Announcement

#1 2021-08-08 20:35:45

intbonus
Member
2021-08-07
1

Bash script to remove duplicate galleries images & hello!

Hi team!

First time Piwigo user and forum poster, set up a self-hosted version and ported all my Google Photos images to it. Amazing project and great fun to set up and figure out : )

One of the problems I had with my photo export was a lot of duplicate images, different sizes and qualities. I'm a newbie at writing shell scripts, so I tried my hand at writing one to solve this problem. I couldn't find a solution for this in the forums, so I hope you don't mind me sharing my attempt

Notes
This works for  images files in folders in the ./galleries/ folder of Piwigo! Or indeed any folder of images you might have on linux
This script assumes your files have no space names in, because Piwigo requires that! I'll enhance it to solve for file-names with spaces in at some point. Make sure all of your files and folders have no spaces in before running. You can use rename utility to sort that out
I'm going to add a "move" mode for duplicates too that will move them to a directory you can specify soon too. If you're savvy with bash scripts you can easily sort this out yourself on line 77.

Step 1
Install the very use findimagedupes package.

Code:

sudo apt-get install findimagedupes

This command-line tool can run through all the images in a given folder, analyses each image, and outputs line items showing files and all matching duplicates--if there's a 90% match between two images by default. More on how it works.

Step 2
Here's the bash script I wrote called image-dupes.sh. As I said, pretty new at this so it isn't perfect!

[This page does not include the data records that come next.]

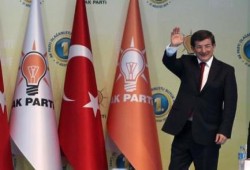 داوود أوغلو يحدد ملامح حكومته عشية تكليفه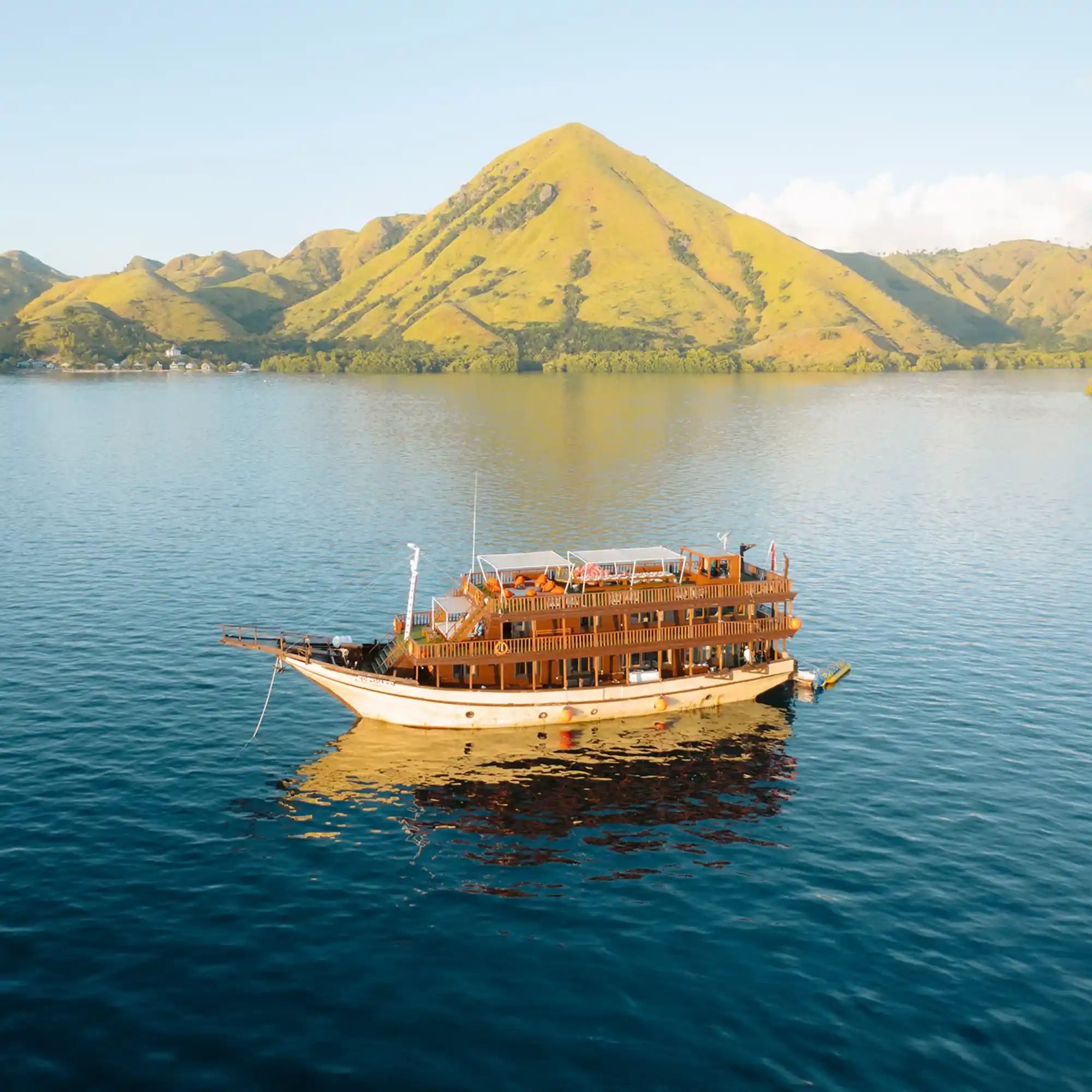 VIP IV — 38m Phinisi Liveaboard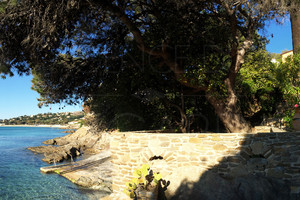 villa pieds dans l'eau le Lavandou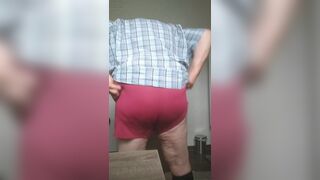 Care, play and strip - 11 image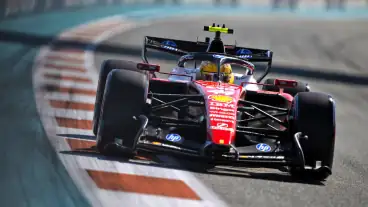 Lewis Hamilton critical of Ferrari F1 simulator for 'sending me in wrong direction'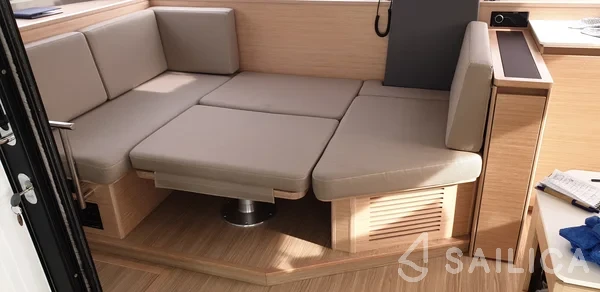 Nautitech 40 open NEW - 4 + 2 cab. - Yacht Charter Sailica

The script won't delete any files until you change deletefiles to true in the script.
It defaults to current directory if you don't specify one

Code:

chmod +x image-dupes.sh
./image-dupes.sh /path/to/images

The script will use findimagedupes to run through all images in the given folder, and print out all the dupes it found, the file size of each dupe.

The script selects the largest file to keep, this was just my preference to keep the highest quality one :)

Step 3
Backup your images, and change deletefiles=false to deletefiles=true and re-run the script. This time it'll delete all duplicates, and keep the largest original file intact!

Once your duplicates are deleted, run Synchronisation again in the Tools section of Piwigo admin and your dupes will be gone.

Thanks again for Piwigo, it's pretty cool and helps me move away from relying on Google for my stuff! My gallery is at https://pics.seanmaddison.uk/ with not many public pics yet while I sort them out.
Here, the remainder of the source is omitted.